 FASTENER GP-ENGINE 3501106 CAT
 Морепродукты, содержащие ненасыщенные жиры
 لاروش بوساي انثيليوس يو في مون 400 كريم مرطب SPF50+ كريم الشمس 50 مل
* * *
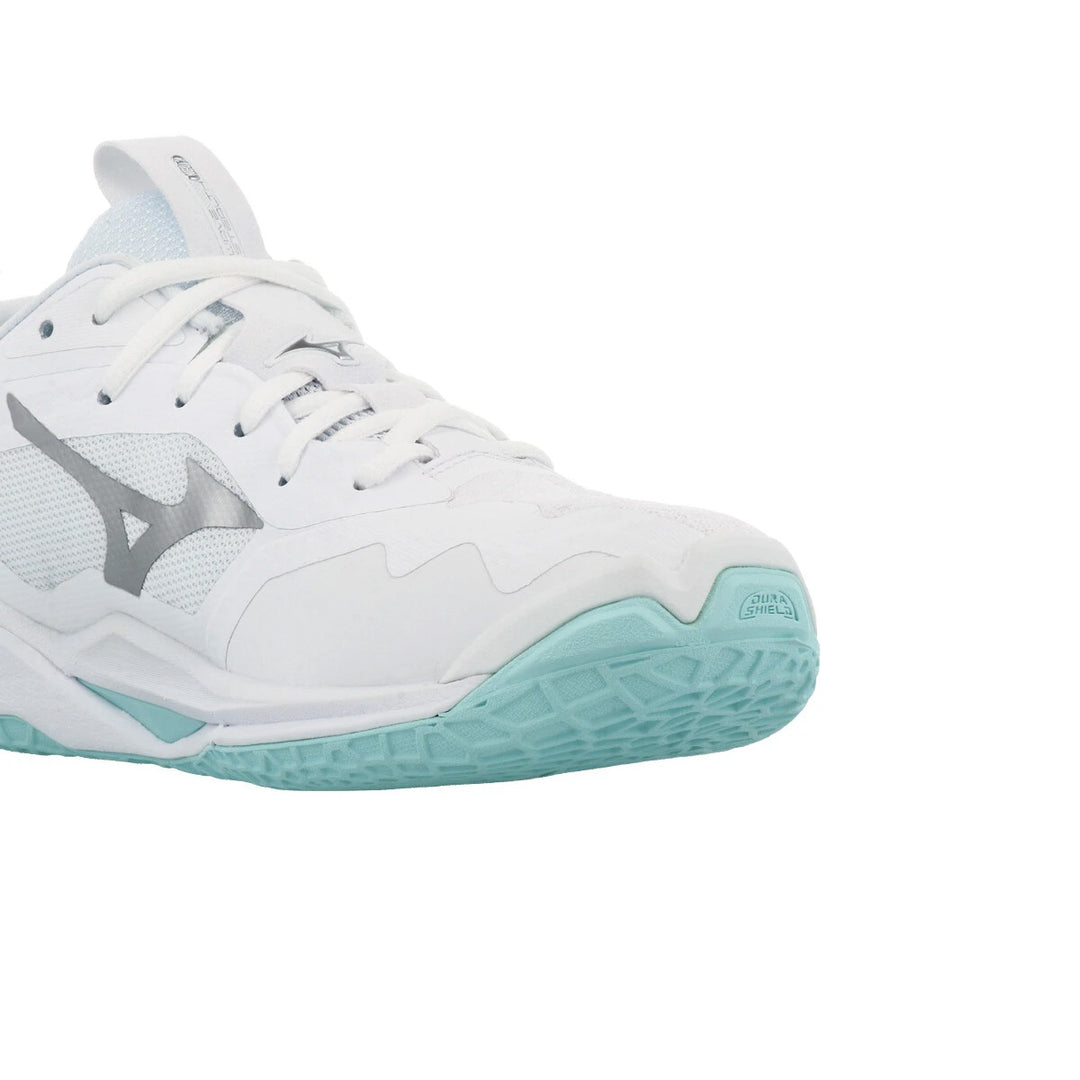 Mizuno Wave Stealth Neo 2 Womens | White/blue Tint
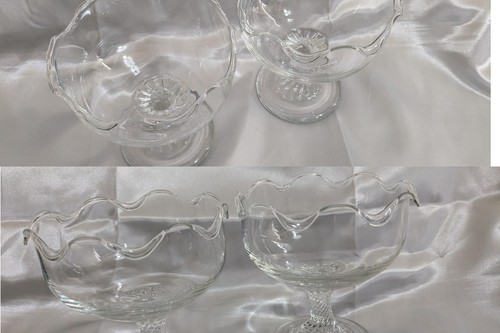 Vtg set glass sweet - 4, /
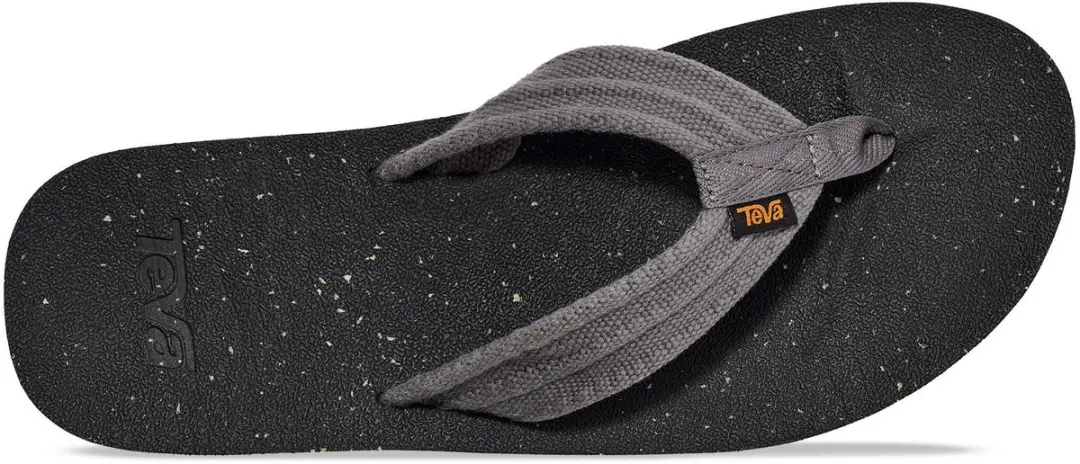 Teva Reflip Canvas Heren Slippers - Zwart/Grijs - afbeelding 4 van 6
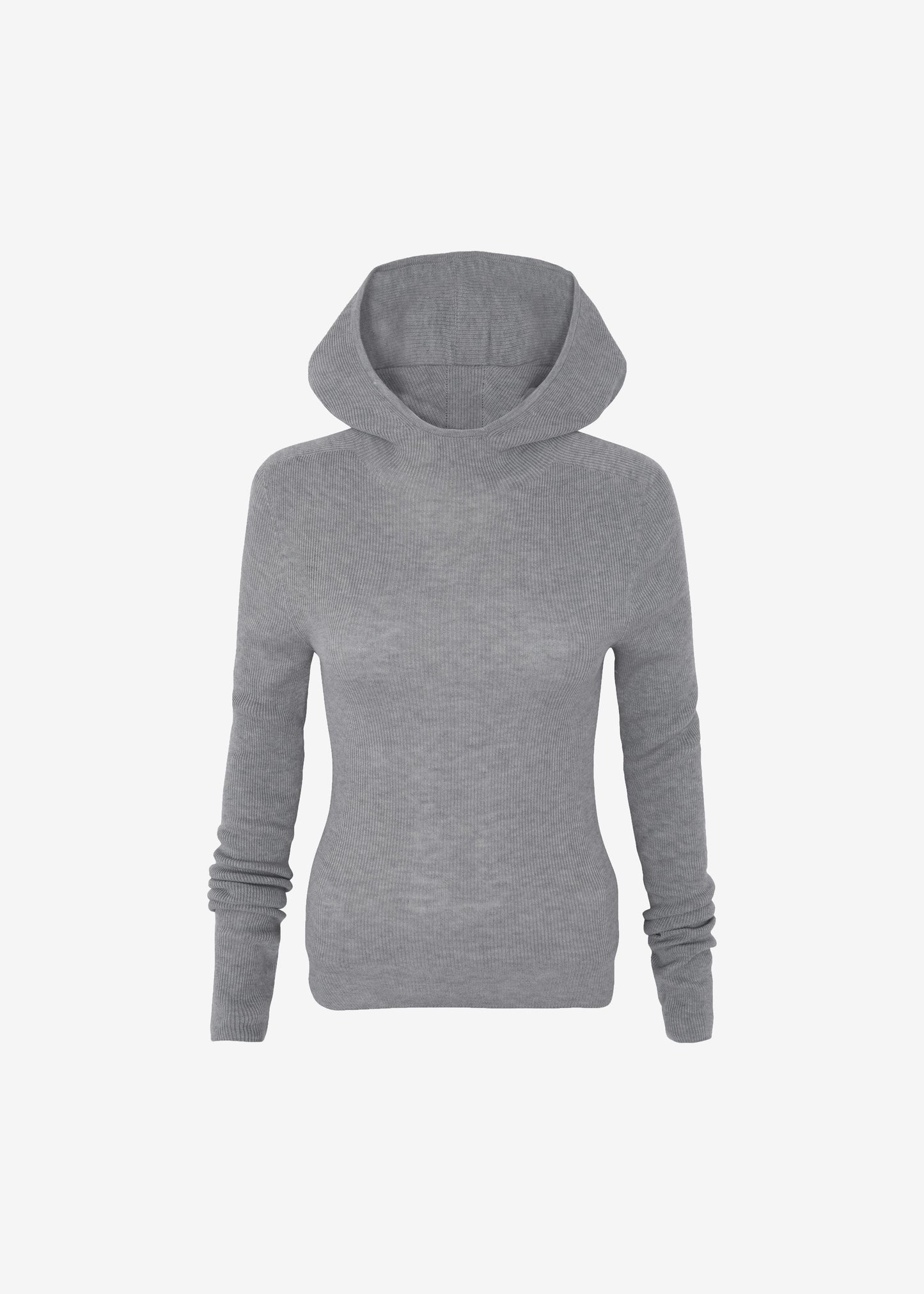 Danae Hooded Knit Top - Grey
==
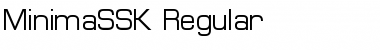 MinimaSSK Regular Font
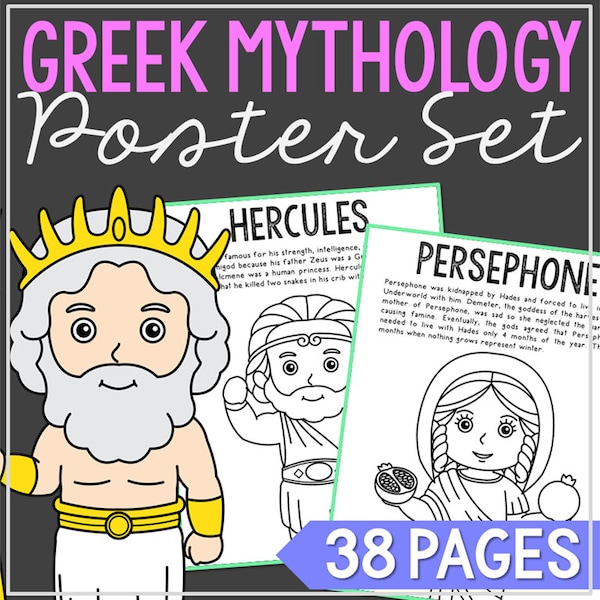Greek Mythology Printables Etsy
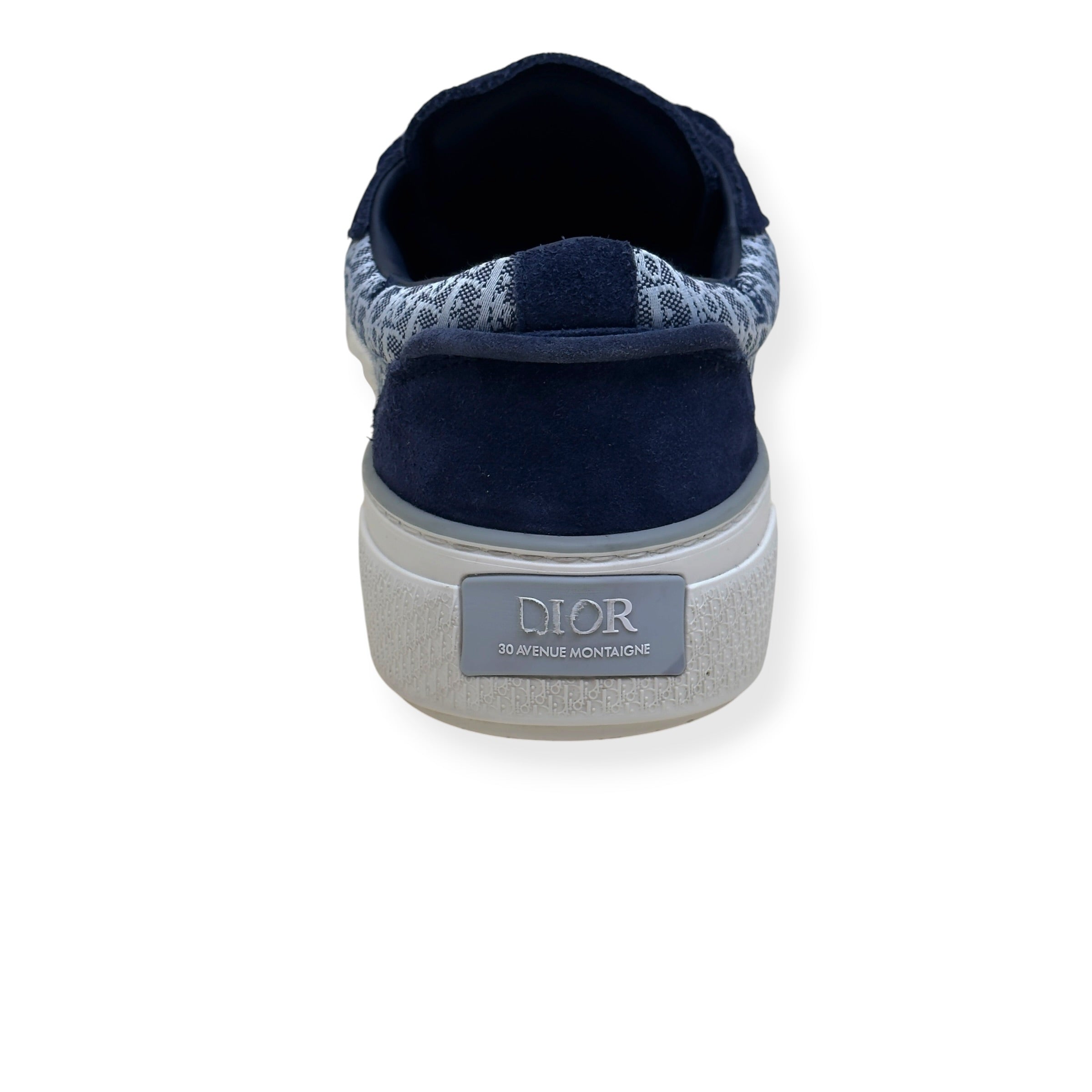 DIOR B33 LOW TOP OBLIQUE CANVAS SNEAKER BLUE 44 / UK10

**Try it:** Send back an exact copy of only the lines from the line with "FASTENER GP-ENGINE 3501106 CAT" up to and including the line with "لاروش بوساي انثيليوس" in the data above.

**Expected answer:**
 FASTENER GP-ENGINE 3501106 CAT
 Морепродукты, содержащие ненасыщенные жиры
 لاروش بوساي انثيليوس يو في مون 400 كريم مرطب SPF50+ كريم الشمس 50 مل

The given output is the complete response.